NEW YORK — The Los Angeles Times won a Pulitzer Prize for public service Monday for a series exposing how politicians in the struggling, working-class city of Bell, Calif., were paying themselves enormous, six-figure salaries.
The newspaper’s reporting that officials in the 37,000-resident town were jacking up property taxes and other fees in part to cover the huge salaries led to arrests and the ouster of some of Bell’s top officials.
The Times won a second Pulitzer for feature photography, and The New York Times won two Pulitzers for international reporting and for commentary.
But in a year in which the earthquake in Haiti and the disastrous gulf oil spill were some of the biggest stories, the Pulitzer board decided not to give an award in the category of breaking news.
The board named three finalists for the award: The Chicago Tribune for its coverage of the deaths of two Chicago firefighters; The Miami Herald and El Nuevo Herald for its reporting on the Haiti earthquake; and The Tennessean in Nashville, Tenn., for its coverage of a devastating flood.

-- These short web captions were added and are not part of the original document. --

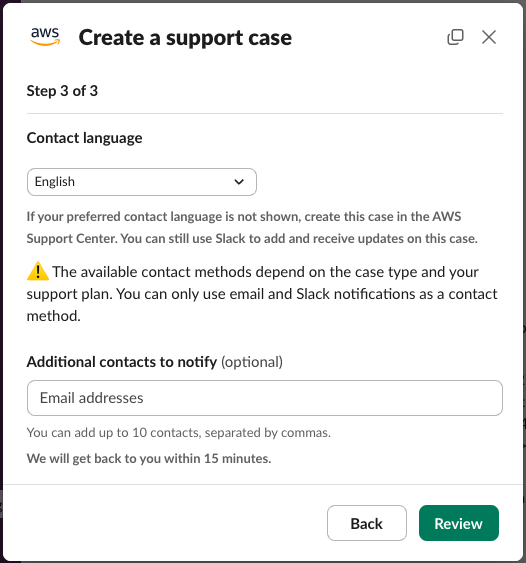 Configure contactos adicionales.
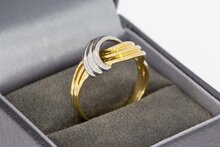 18 karaat bicolor gouden gevlochten Knoop ring - 18,3 mm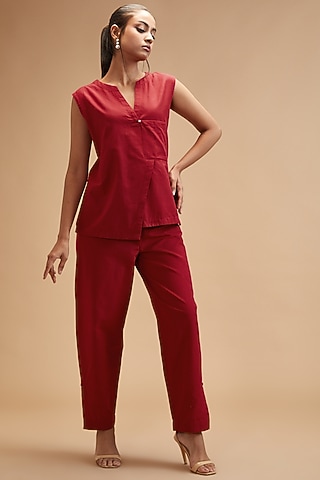 Red Handloom Cotton Top by theroverjournal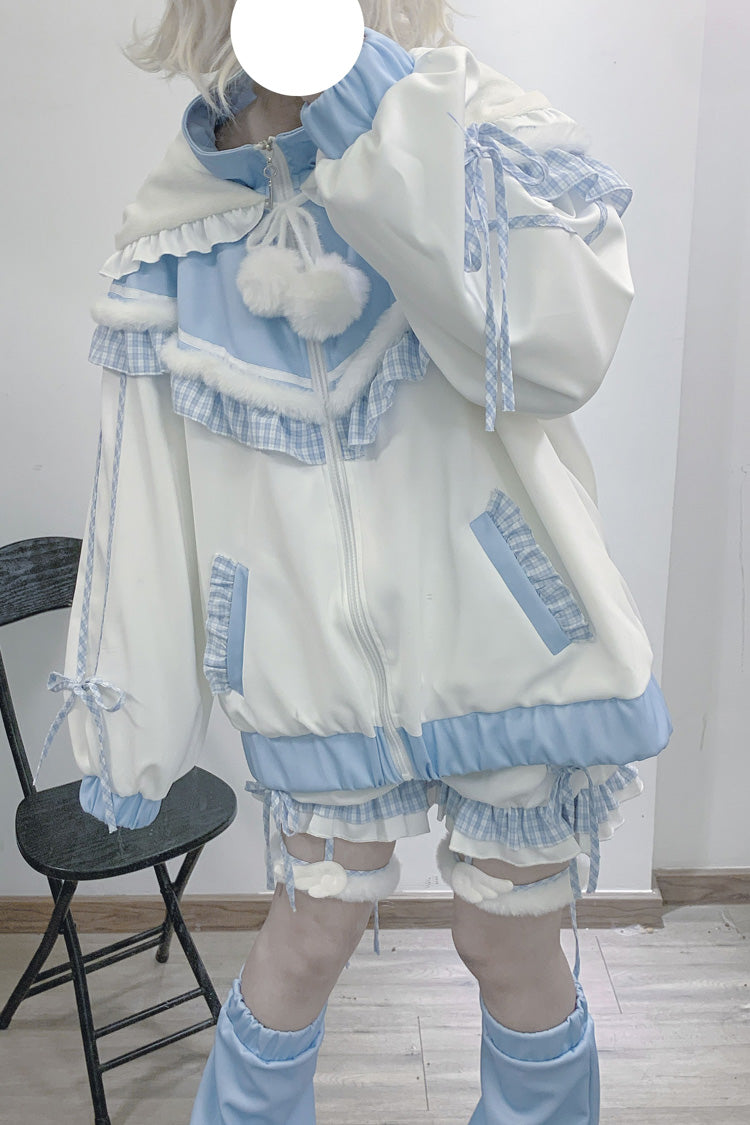 White/Blue [Sweet Star Bear] Long Sleeves Ruffle Hooded Japanese Jirai Kei Sports Coat - Product - 5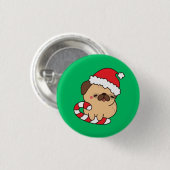 Kerstman Hond Ronde Button 3,2 Cm (Voorkant /achterkant)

The nonprofit ProPublica won its first outright Pulitzer for national reporting. Reporters Jesse Eisinger and Jake Bernstein were cited for their piece exposing questionable Wall Street practices that contributed to the national economic meltdown. The judges cited their use of digital media to help explain the complex subject.
The competition’s rules were changed this year to allow digital media to be considered along with text entries, including video, graphics and online databases. Media were allowed to enter “any available journalistic tool” this year, including videos, databases and multimedia presentations. In the past, most entries were print-only.